Recorded information →
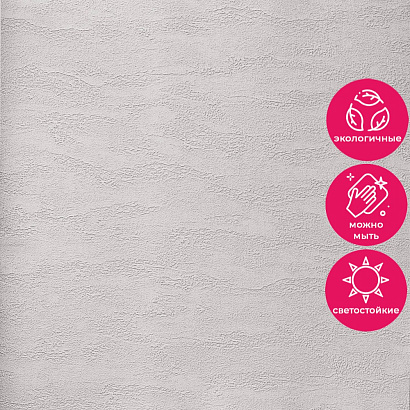 Обои RTE 2406-6 Alessandro Allori Bodega Alessandro Allori коллекция Bodega производства Италия в интернет-магазине Обоитрейд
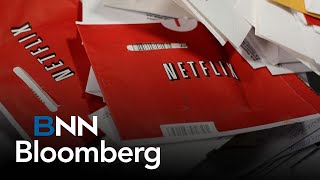 Netflix earnings crush expectations but the stock is far too extended: analyst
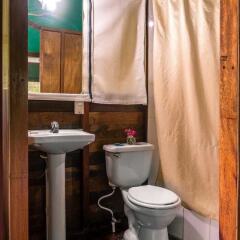 Chaltunha Hostel Flores Island in Flores, Guatemala from 99$, photos, reviews - zenhotels.com photo 4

Action item → When repeating the material above, keep every line exact and drop all pictures.

Exercise result →
 Обои RTE 2406-6 Alessandro Allori Bodega Alessandro Allori коллекция Bodega производства Италия в интернет-магазине Обоитрейд
 Netflix earnings crush expectations but the stock is far too extended: analyst
 Chaltunha Hostel Flores Island in Flores, Guatemala from 99$, photos, reviews - zenhotels.com photo 4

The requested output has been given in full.